However, quoting figures such as MIPS (millions of instructions per second) are somewhat futile, since the execution of a specific number of instructions on one processor will not necessarily accomplish the same end result as that same number of instructions running on a different processor. It's the execution speed of a given set of instructions that's of greater concern when selecting an appropriate platform to run application code.

Clearly some platforms will be more proficient than others in this regard, though this is a difficult parameter to quantify since it's dependent to a large extent upon the application code in question.
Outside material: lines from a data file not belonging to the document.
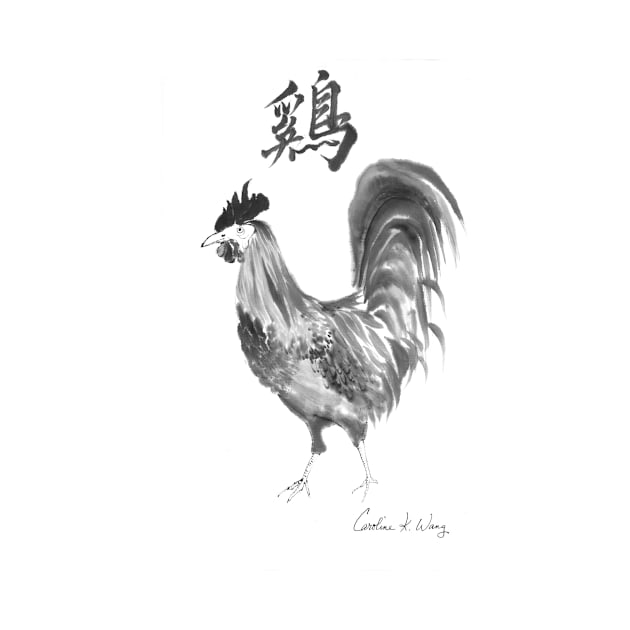 Zodiac - Rooster by Cwang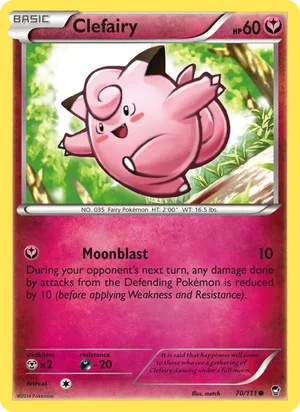 Clefairy 70/111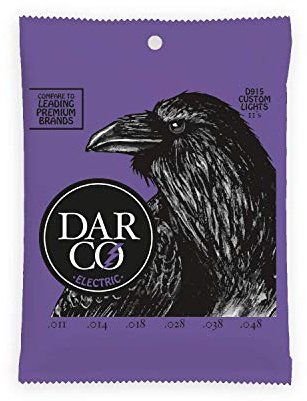 DARCO-Saiten D915 Custom Light 11-48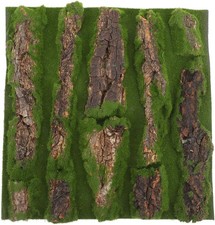 POPETPOP 3d Fish Tank Background 3d Fish Tank Background Simulate Bark Decorati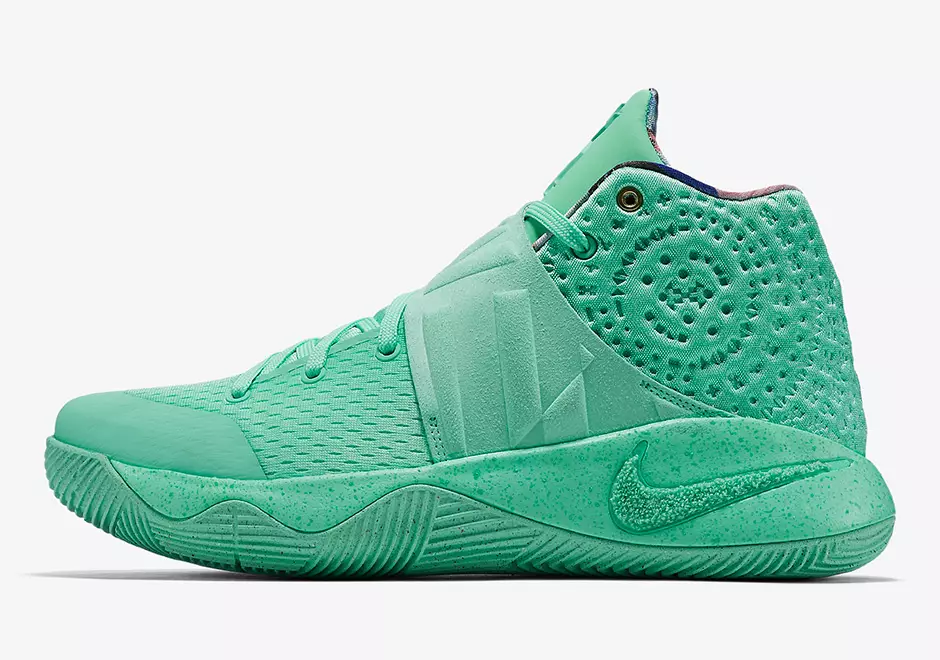 Nike Kyrie 2 Kāda ir zaļā mirdzuma puse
Benchmarking is the technique used to measure the speed at which a particular platform is able to execute code. Indeed, this is evident in the abundance of benchmarks available. Numerous examples of Java benchmarking are listed at http://www.epcc.ed.ac.uk/javagrande/links.html.
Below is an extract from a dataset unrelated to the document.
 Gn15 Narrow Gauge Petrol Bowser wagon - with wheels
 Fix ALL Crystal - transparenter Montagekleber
Benchmarks vary significantly in their complexity, but invariably they comprise a number of lines of code that, when executed on the platform being tested, generates a discrete value to use during its appraisal. This facilitates a comparison of the execution speed with similar platforms. Typically there are three types of benchmarks, which have inherited titles in accordance with their origin:

  • User
  • Manufacturer
  • Industry
User benchmarks are, as the name suggests, created by any individual with an interest in the field. Countless examples are available and characteristically they vary in quality; in the past benchmarks of this type have been very influential.

Market incentives have driven the introduction of manufacturer benchmarks; invariably these are written to benefit the platform in question and so can be disregarded unless used to facilitate the relative performance of platforms offered by that particular vendor.
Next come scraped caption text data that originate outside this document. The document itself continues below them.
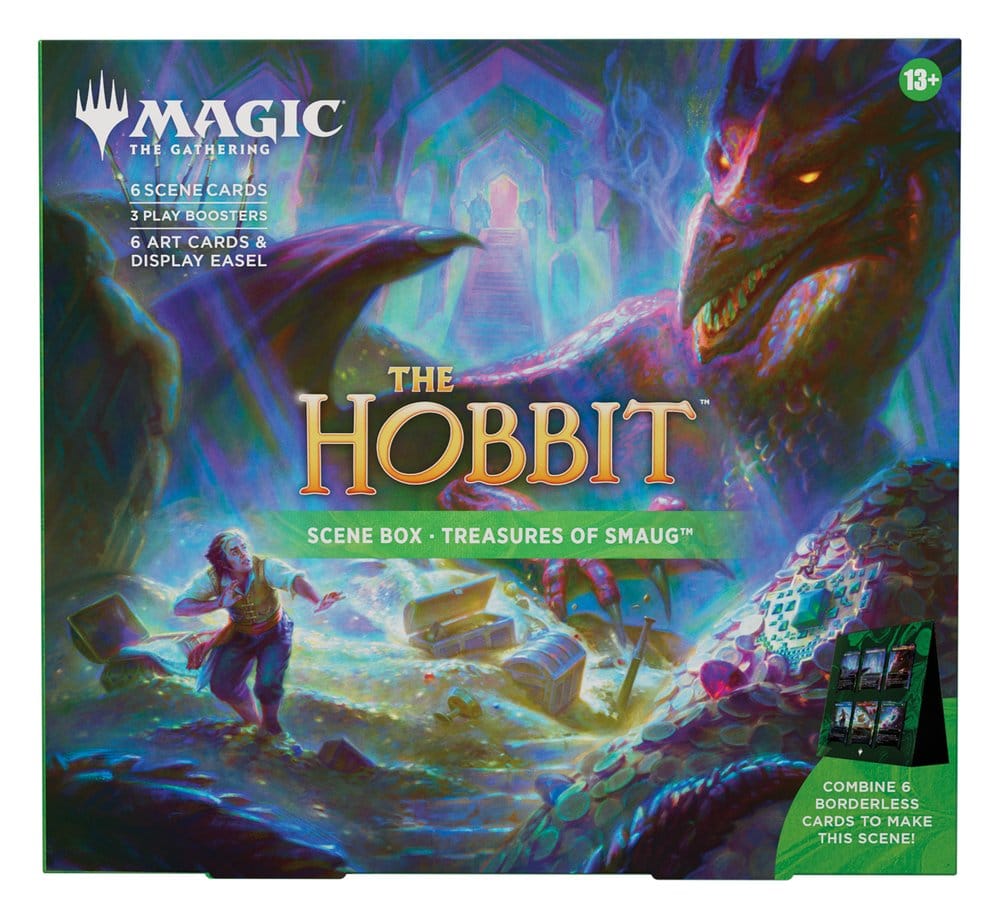 Magic the Gathering The Hobbit Szenenboxen Display (4) englisch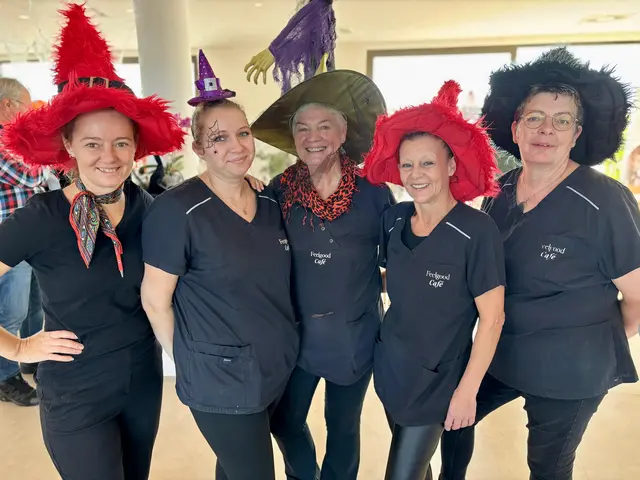 Die Vielfalt der Kostüme und das fröhliche Lachen machten den Vormittag besonders lebendig und unvergesslich. | Foto: Markus Kahrer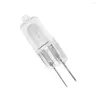 10PCs G4 12V 20W Halogen Lamps Light Bulbs Long Life 2 Pin Warm White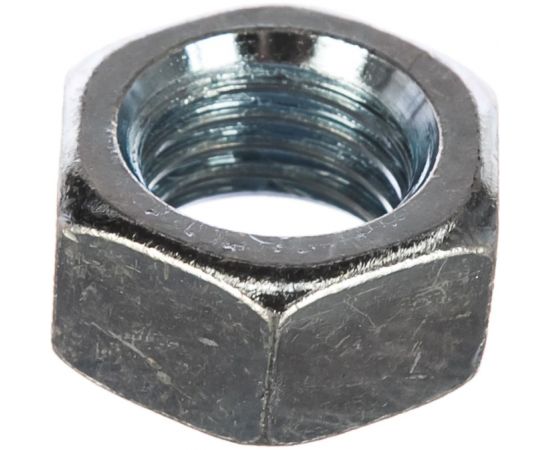 Гайка Качественный КРЕПЕЖ шестигранная DIN 934 М20 10 шт 0300927 КЧ 
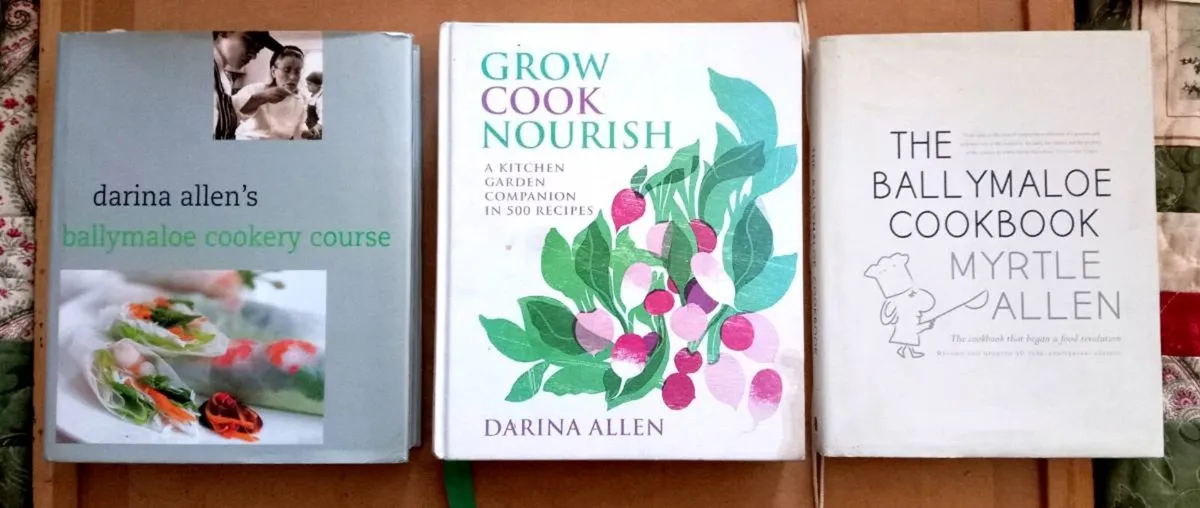 Three Ballymaloe Darina Allen Cookery Books - Image 1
Finally, the financial significance of benchmarking has resulted in the development of industry benchmarks, which are usually considered to be of high integrity. Such benchmarks are defined by an independent organization, typically composed of a panel of industry specialists.

Why Write a Paper on Java Benchmarking?
Results are published for multiple benchmarks and the primary issues can be clouded by hype; as a consequence the selections available to the end user are somewhat overwhelming. The crucial point is how well your code performs on the chosen system, so the question is: How do you identify a benchmark that best models your application? An understanding of benchmarks is vital to enable the user to select an accurate measurement tool for the platform in question and not be misled by the results.

The purpose of this article is to educate device manufacturers, OEMs, and, more specifically, J2ME development engineers, while at the same time resolving any remaining anomalies in a discipline that's commonly misunderstood.

What Is a Benchmark?
Fundamentally, a benchmark should incorporate programs that, when invoked methodically, exhaustively exercise the platform being tested. Implicit in this process is the generation of a runtime figure corresponding to the execution speed of the platform.

Benchmarks can be simplistic, comprising a sequence of simple routines executed successively to check the platform's response to standard functions (e.g., method invocation). Typically, both the overall elapsed time and that for each routine in isolation is considered; in the former case it's usual to assert a weighting coefficient to each routine that's indicative of its relevance in the more expansive context. Each routine should run for a reasonable amount of time. The issue here is an assurance that performance statistics are not lost within overheads at start-up. Benchmarks can also be more substantive; for example, processor-intensive applications can check multithreading by running several other routines simultaneously to evaluate context switching. Essentially there's no substitute for running the user's own application code on the platform in question. However, while this argument is laudable, it's beyond reasonable expectation that the platform manufacturer can implement this. To facilitate an accurate appraisal, it's vital that any standard benchmark utilized by competing manufacturers should mimic as much as possible the way the platform will ultimately be used.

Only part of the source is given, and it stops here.